[Data shown]

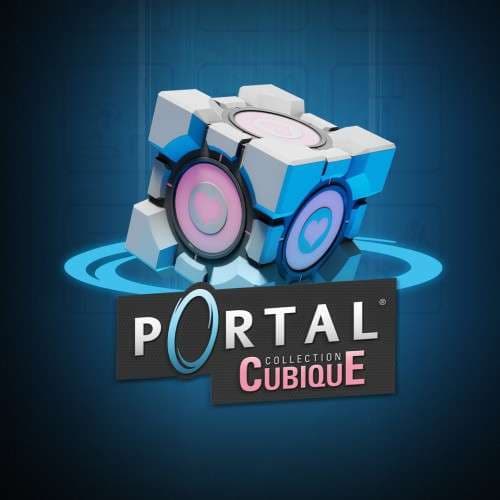 Experience Portal : Collection cubique on Nintendo Switch!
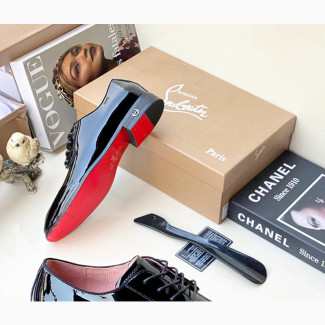 Christian Louboutin Cooperate Shoe for Men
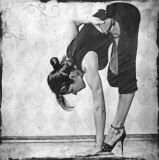Ardha Baddha Padmottanasana Pósters por Janik Ardha Baddha Padmottanasana Pósters por Janik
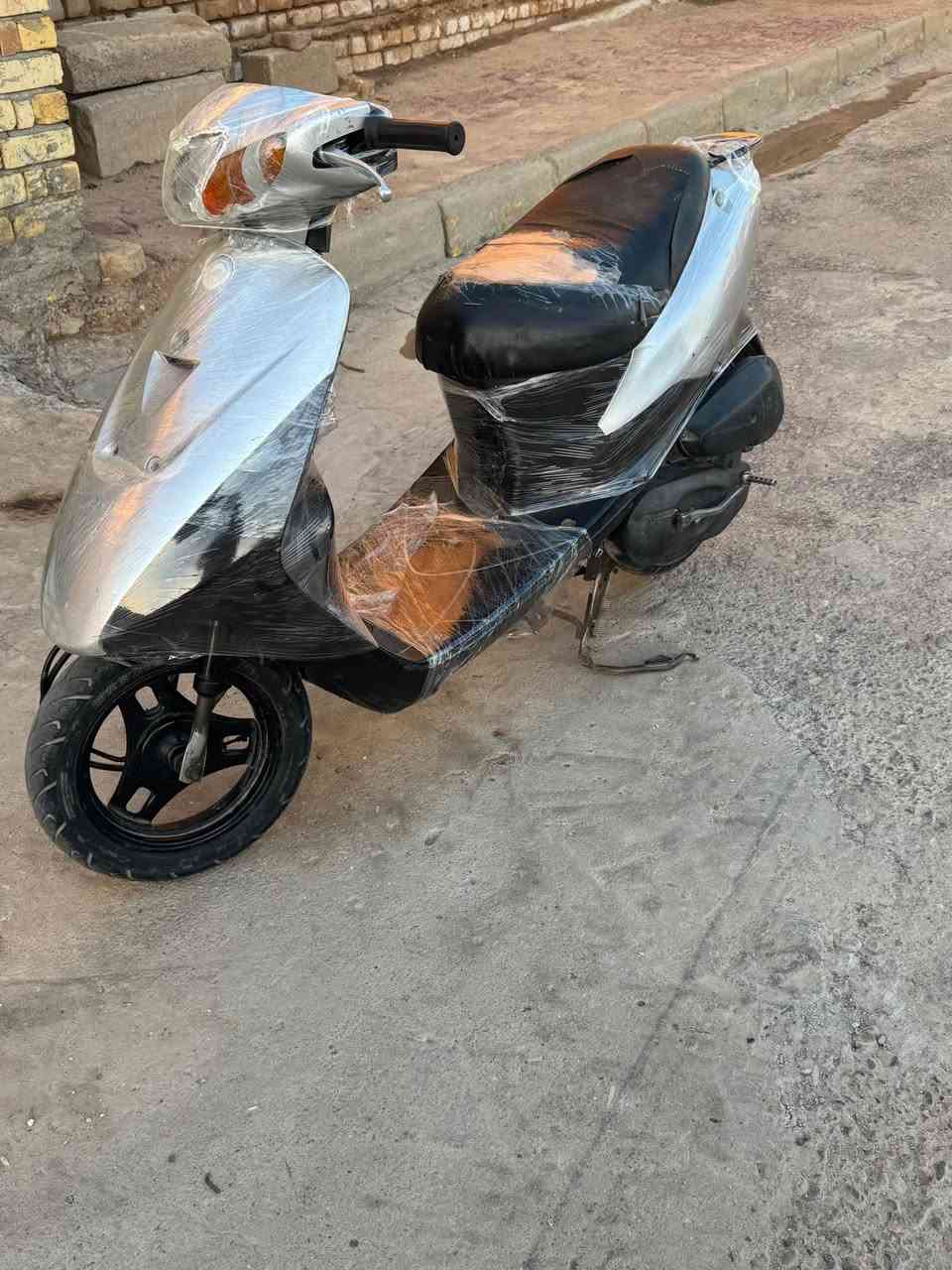 دراجه للبيع بلاد رز, ديالى


**إذا كنت صاحب هذا الإعلان وتريد حذفه لأي سبب، رجاءا أرسل رسالة إلى الدعم الفني**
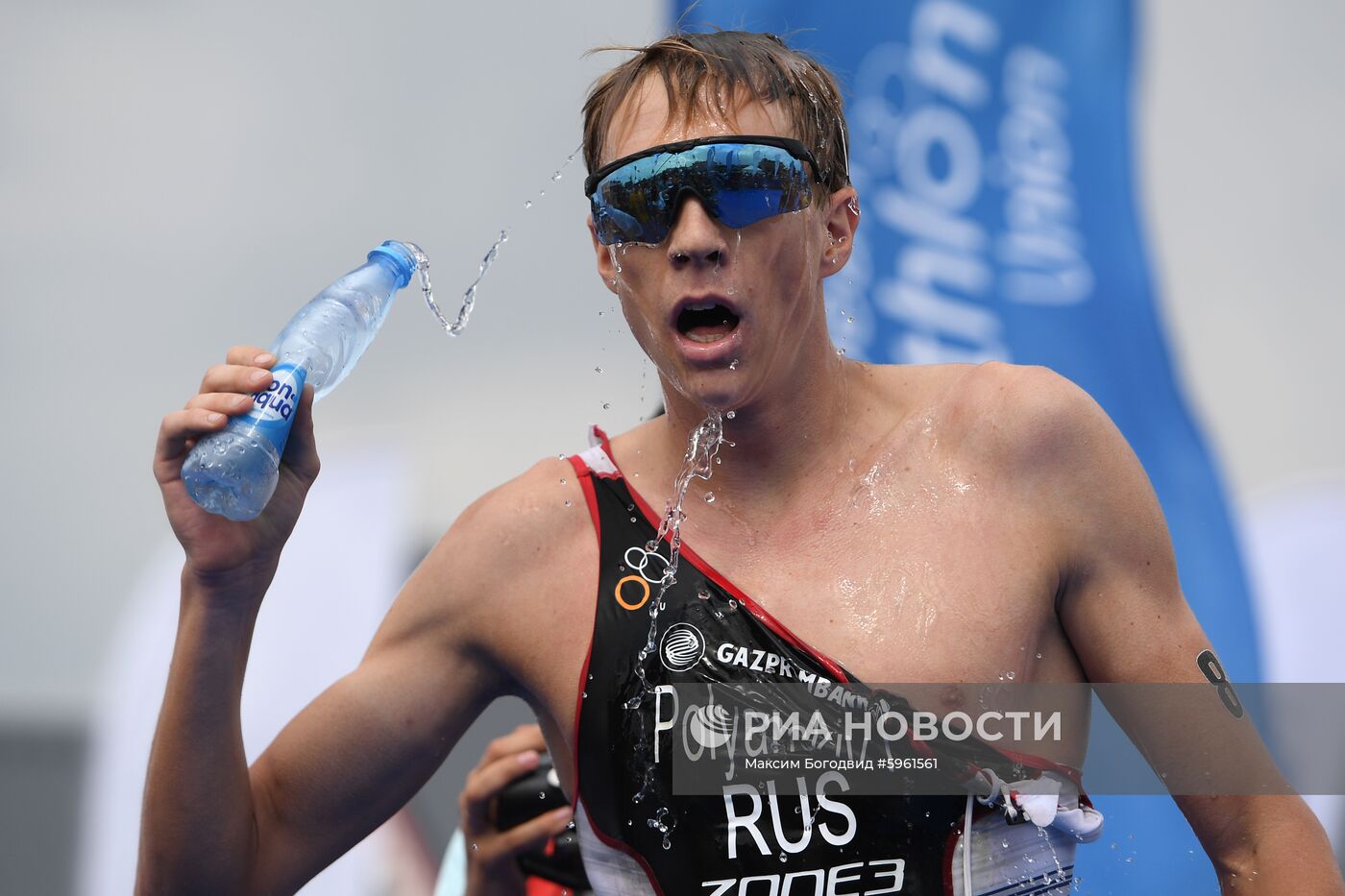 Триатлон. Чемпионат Европы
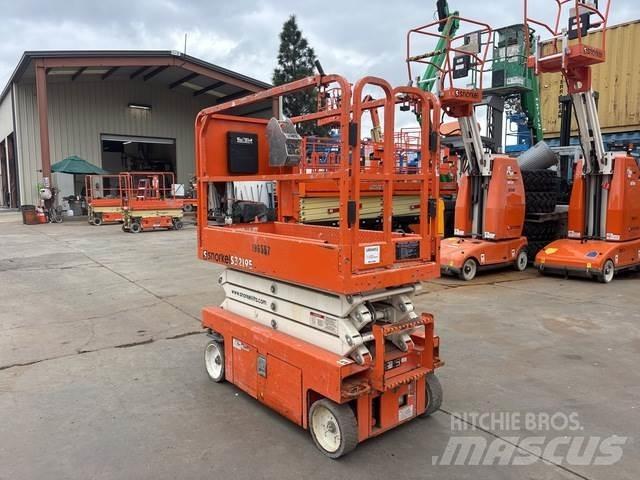 Snorkel S3219E Käärtõstukid
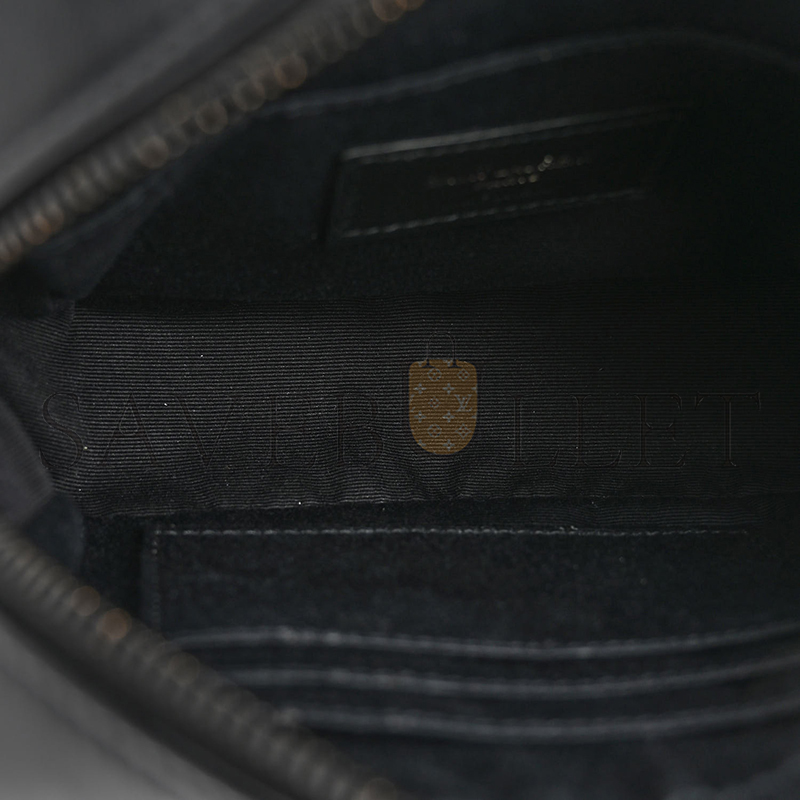 Y*L lou belt bag in calfskin leather 534817 (15.5*10.5*5.5cm)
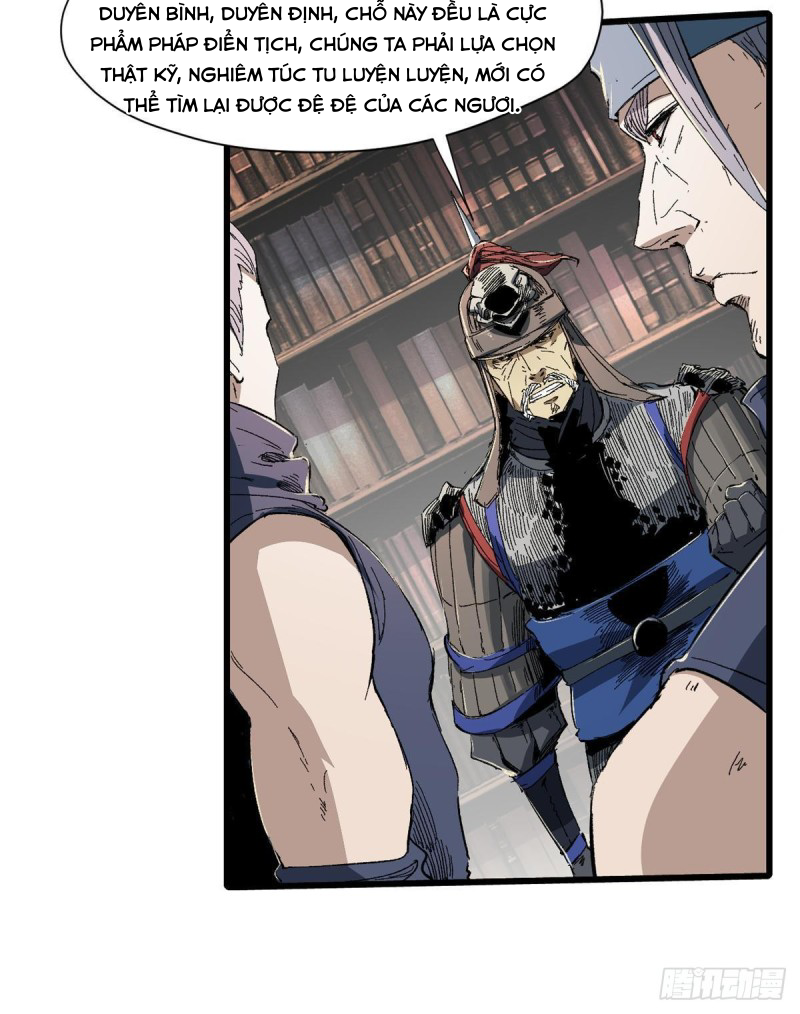 Vĩnh Hằng Quốc Độ Chap 26 - Next Chap 25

[/Data shown]

Aim of the task
Leaving aside the images, write out the entries above word for word.

Exercise answer
 Experience Portal : Collection cubique on Nintendo Switch!
 Christian Louboutin Cooperate Shoe for Men
Ardha Baddha Padmottanasana Pósters por Janik Ardha Baddha Padmottanasana Pósters por Janik
 دراجه للبيع بلاد رز, ديالى


**إذا كنت صاحب هذا الإعلان وتريد حذفه لأي سبب، رجاءا أرسل رسالة إلى الدعم الفني**
 Триатлон. Чемпионат Европы
 Snorkel S3219E Käärtõstukid
 Y*L lou belt bag in calfskin leather 534817 (15.5*10.5*5.5cm)
 Vĩnh Hằng Quốc Độ Chap 26 - Next Chap 25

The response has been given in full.